- [THE INPUT]:

◇ ◇ ◇ ◇ ◇

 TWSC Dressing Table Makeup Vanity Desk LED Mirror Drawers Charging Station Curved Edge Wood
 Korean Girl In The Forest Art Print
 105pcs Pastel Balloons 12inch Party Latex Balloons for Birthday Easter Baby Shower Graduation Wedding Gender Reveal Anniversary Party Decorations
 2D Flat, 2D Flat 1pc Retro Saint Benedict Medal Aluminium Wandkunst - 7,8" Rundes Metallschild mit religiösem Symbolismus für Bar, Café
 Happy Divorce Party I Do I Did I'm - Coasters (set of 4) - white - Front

◇ ◇ ◇ ◇ ◇

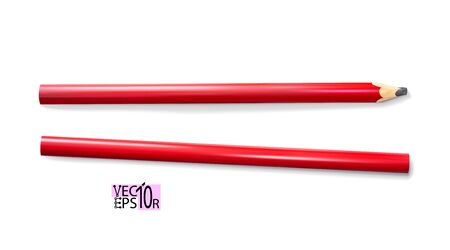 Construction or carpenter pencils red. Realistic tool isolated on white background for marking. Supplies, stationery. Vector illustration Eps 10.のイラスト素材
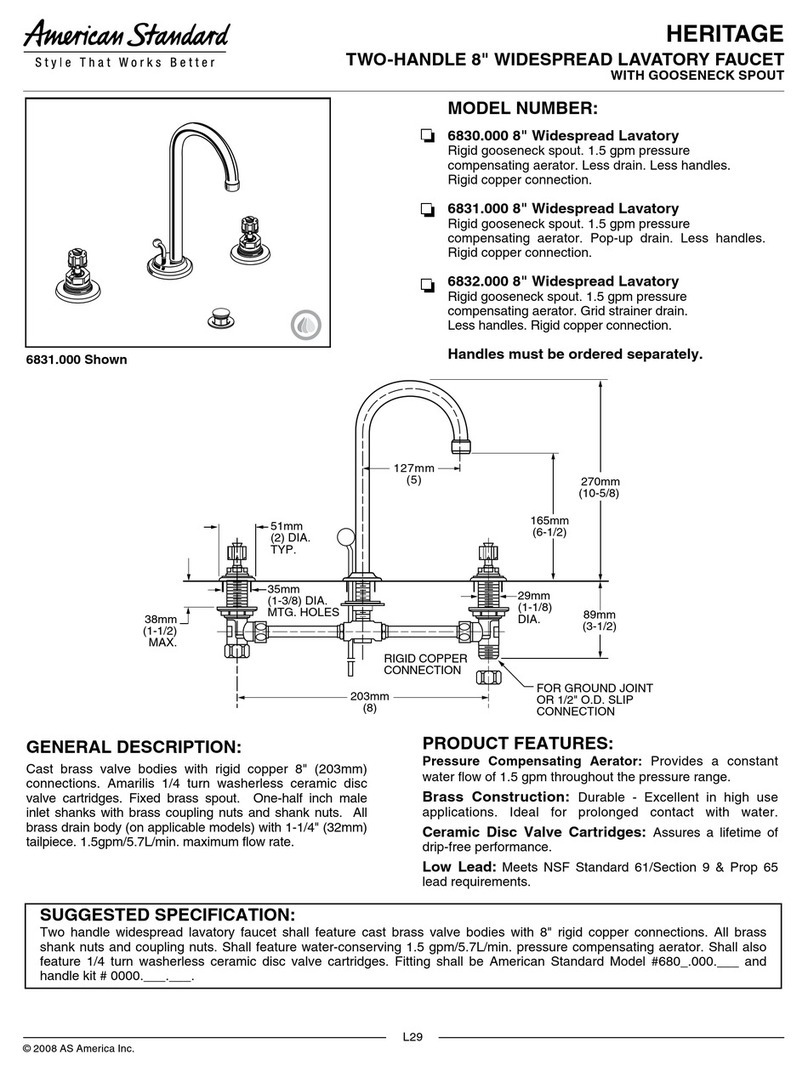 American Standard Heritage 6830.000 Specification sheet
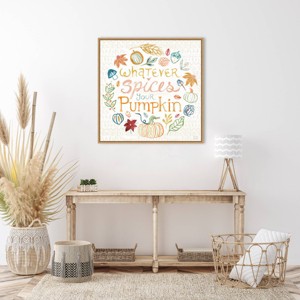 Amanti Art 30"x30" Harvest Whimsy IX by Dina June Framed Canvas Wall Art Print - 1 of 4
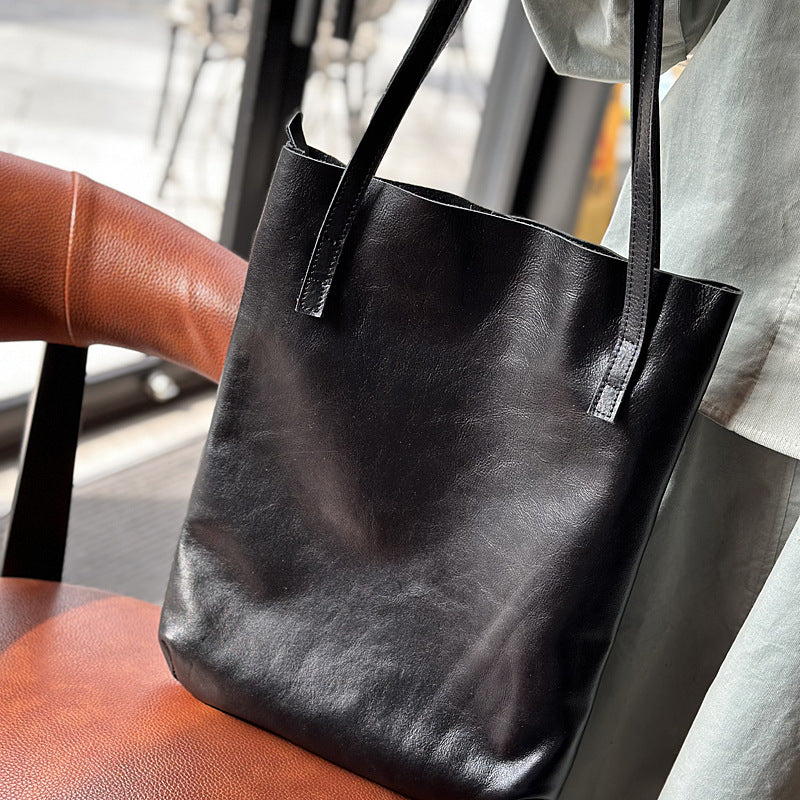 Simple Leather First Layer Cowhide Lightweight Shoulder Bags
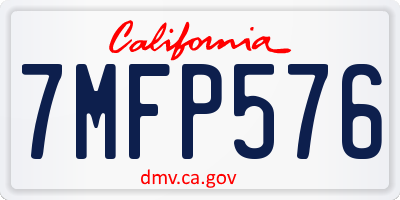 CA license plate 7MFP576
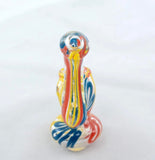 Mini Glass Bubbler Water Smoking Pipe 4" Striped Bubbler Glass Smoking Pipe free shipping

◇ ◇ ◇ ◇ ◇

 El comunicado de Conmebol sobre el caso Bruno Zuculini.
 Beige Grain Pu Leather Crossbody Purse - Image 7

◇ ◇ ◇ ◇ ◇

- [PROBLEM STATEMENT]:
Repeat exactly the lines above, beginning at the one containing "Print - 1 of 4" and ending at the one containing "Mini Glass Bubbler". Do not carry over any pictures.

- [SOLUTION]:
 Amanti Art 30"x30" Harvest Whimsy IX by Dina June Framed Canvas Wall Art Print - 1 of 4
 Simple Leather First Layer Cowhide Lightweight Shoulder Bags
 CA license plate 7MFP576
 Mini Glass Bubbler Water Smoking Pipe 4" Striped Bubbler Glass Smoking Pipe free shipping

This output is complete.